The vacancies have created a void that will surely deal a blow to the state's economy and could slow the rebuilding of Tuscaloosa and other tornado-damaged cities.

Employers believe they can carry on because of the dismal economy, but when things do turn around, they worry there won't be anyone around to hire. Many legal Hispanic workers are fleeing the state because their family and friends don't have the proper papers and they fear they will be jailed.

Rick Pate, the owner of a commercial landscaping company in Montgomery, lost two of his most experienced workers, who were in the country legally. He spent thousands of dollars training them to install irrigation systems at places like the Hyundai plant.

"They just feel like there is a negative atmosphere for them here. They don't feel welcome. I don't begrudge them. I'd feel nervous, too," Pate said.
Presumably we are supposed to understand (though Rawls never says it explicitly) that most Hispanics in Alabama are now living in serious (and reasonable) fear of imminent harassment--which is to say, of being locked up "indefinitely." This isn't hysteria, which is one way the article could be glossed, since people who are detained on "suspicion of being in the country illegally" (that's all it takes to be arrested, you see) are supposed to be released when "documentation" is produced. But anyone with any exposure to the US's detention policies of immigrants will know that merely having documentation won't necessarily achieve their release. (A lawyer would help, of course.
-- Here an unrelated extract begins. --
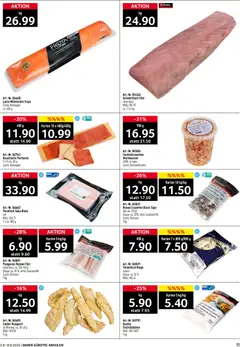 Prodega aktionen ab 03.08.2026 gültig | Seite: 11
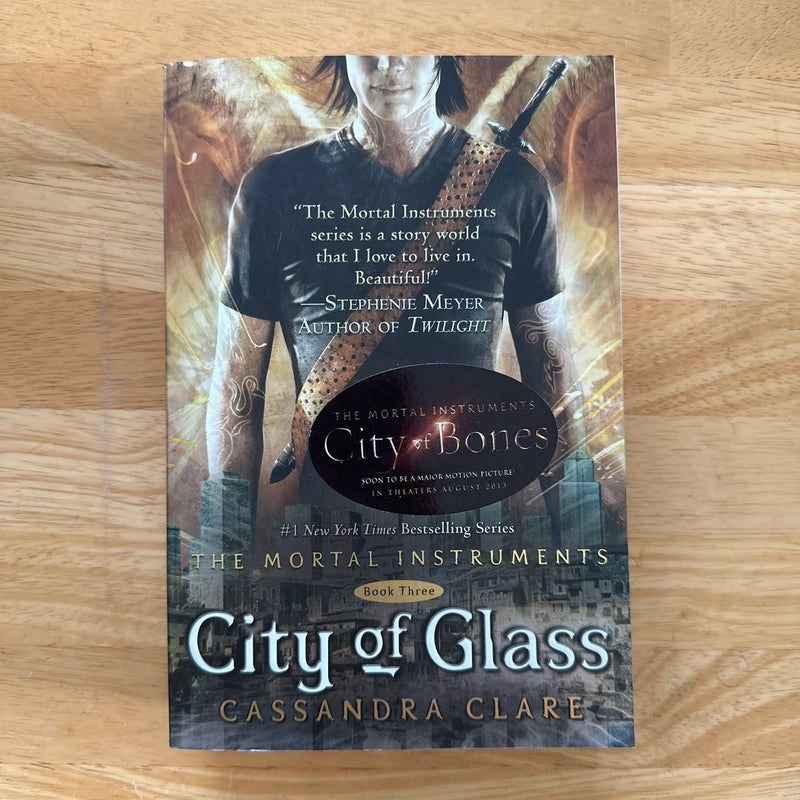 City of Glass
But how many immigrants working minimum-wage or sub-minimum wage jobs will have access to lawyers?) That Rawls never even hints at the nightmarish realities of US immigration (and even general prison) policies and its exemption from adhering to due process allows the ordinary complacent reader to judge people "legally" living in the US who still fear detention as irrational and ignorant (when of course their fear is a sign of just how closely in touch with reality they are).

But of course that's not all that's implied but not stated in this article. Then there's this:
Legislators said the law would help legal residents suffering from nearly 10 percent unemployment.
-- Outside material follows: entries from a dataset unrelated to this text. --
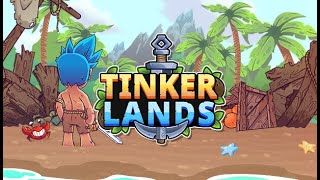 TE RECOMIENDO TINKER LANDS [upl. by Zollie]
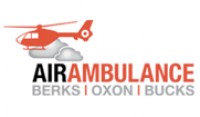  Thames Valley and Chiltern Air Ambulance 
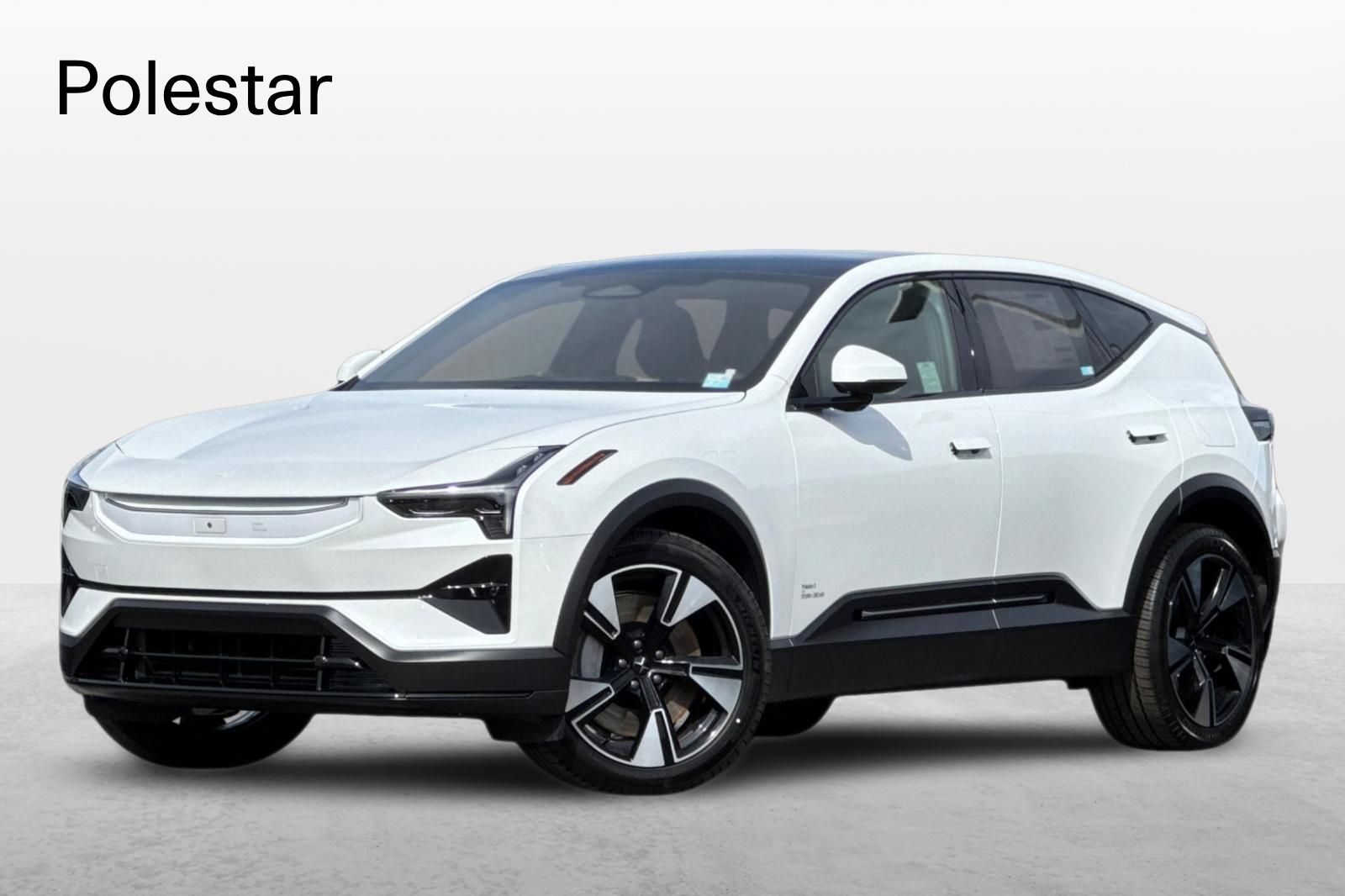 2025 Polestar 3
One of the bill's authors, Republican Sen. Scott Beason, said he expected short-term problems, but he has received "thank you" calls from two people who replaced illegal immigrants who fled their jobs. Beason predicts that trickle will become a rush.

"We have the best law in the country and I stand by what we've done," Beason said.

Some farmers disagreed.

On Chandler Mountain in north Alabama, tomato farmer Lana Boatwright said only eight of the 48 Hispanic workers she needed for harvest showed up after the law took effect. Those who did were frightened.
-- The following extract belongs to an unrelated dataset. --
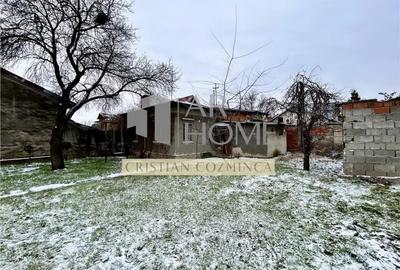 Casă cu 4 camere cu Teren 356 Mp în Mărășești - 3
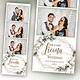 Photo Booth Wedding Template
"My husband and I take them to the grocery store at night and shop for them because they are afraid they will be arrested," she said.

Farmer Chad Smith said his family farm stands to lose up to $150,000 because there are not enough workers to pick tomatoes spoiling in the fields.

"We will be lucky to be in business next year," he said.
What is unstated here is that the reason farmers stand to lose big is that they probably pay poverty-level wages for body-breaking work, without benefits, and probably under sweat-shop working conditions. When people loudly claim that it's the backbreaking nature of the work that "Americans" are unwilling to perform, what they really mean is that most US citizens tend to avoid working at poverty wages if it's at all possible, more especially when it's the kind of work likely to inflict pain and even long-term damage on their bodies. (Agricultural workers have the highest rates of incurring long-term damage, because most farmers use pesticides.)

The reason I've assumed that anti-immigrant sentiment is almost 100% due to racism is because everyone knows (though they don't like to admit it to themselves or anyone else) that the food we eat would be a lot more expensive without immigrant-- particularly undocumented immigrant-- labor. In this clash between racism and the wish for cheap fruits and vegetables (and clothing, too, since some of the few clothing manufacturers that actually make their product in the US employ contractors who run sweatshops), the resulting cognitive dissonance usually resolves itself by erasing consciousness of the connection between lower prices and immigrant labor, just as when employers talk about being bereft of workers, they're talking about workers who are willing to work for substandard wages.

I guess the politicians are hoping that more US citizens will be willing to work for the same pay as undocumented workers. But of course they can't actually say that in so many words.

1 comment:

Rebecca said...

Living in Nicaragua makes the whole anti-immigration hysteria look just plain stupid, and my last job in the US was for the Secure Borders Initiative, which was a boondoggle for Boeing.